You may have noticed something unusual on 500 North this Friday night.

Neighbors, police officers, city employees, the Provo Bicycle Committee, and people from all over the city joined together to paint the town. Literally.

What’s the deal with all the fresh paint (and bales of hay)? We’re running a pilot project to make 500 North a safer street for neighbors and residents headed to the Rec Center and North Park.

Come to the family-friendly 500 North Celebration (7pm on 500 N by the Rec Center) tomorrow (July 29th) for free KirbyQ BBQ and the chance to see the pilot and share your own ideas.

In the mean time, here’s a tiny sneak-peak of the fun we had in the middle of the night:

Photo credit: the good ones were taken by Christopher Wiltsie and I took the not-so-great ones.

Help Us Re-Imagine 500 N!

500 N will look different on the morning of Saturday, July 29th. That transformation will be the result of a neighborhood experiment, funded by a state grant and supported by the city, to model a street safer for people to get to the Recreation Center, North Park, Timpanogos Elementary School, the Library, and other destinations. This means making the street friendly and safe for neighborhood residents, pedestrians, bicyclists, and drivers (for EVERYONE!) who would like to use 500 N.

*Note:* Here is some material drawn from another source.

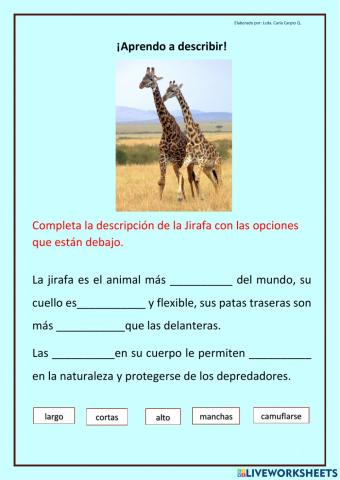 ¡Aprendo a describir!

Please join us this Friday night (July 28th) as we make temporary changes to 500 N to make it safer for people who walk and bike. After a quick BBQ at 10:00 pm (prepared by the North Park Neighborhood chair), we will begin our work at 10:30 pm. We will be simulating a raised tabletop intersection at 300 W and and raised crosswalk at 400 W with paint. We will be installing buffered bike lanes between 200 and 500 W.

The City’s Street Division has already started the poject by painting in two parallel buffered bike lanes on both sides for the Street from 200 to 500 W. On Friday, one group will paint in the cross-hatching between these lines and bike markers on the right side of them.

Provo Police will be closing down the road from 200 W to 400 W so that we can safely implement the pilot. (Please wear bright clothing.) We will work in the cover of night but with the blessing of the city. This pilot is funded primarily by a $1,000 grant from the Utah Department of Health, sponsored by Bike Utah and supported by the Utah County Health Department. Please come prepared to have fun and make a difference.

Please RSVP so we can get an idea of how much food to prepare for the BBQ and how many worker bees we will have to execute the pilot from 10:30 pm. We hope to be finished by midnight.

Complete the Street Celebration

The following evening, Saturday, July 29th, from 7:00 to 8:30 pm we will host a public event to introduce the project to elected officials and the general public. Please join us on 500 N between 200 W and 500 W to re-imagine what our streets can be. The project will demonstrate possible changes to the street (that might be implemented soon or in the future) and start a conversation about our public streets. Most importantly, the pilot project requires… A GOOD IMAGINATION! Keep in mind that what you’re seeing is just a mockup of how permanent street changes might look. See beyond temporary items like chalk and cones to imagine how the street could look in the future.

Bring your neighbors, friends and family and come celebrate a completed street! There will be food trucks, information booths, activities, and lots of people. Hope to see you there!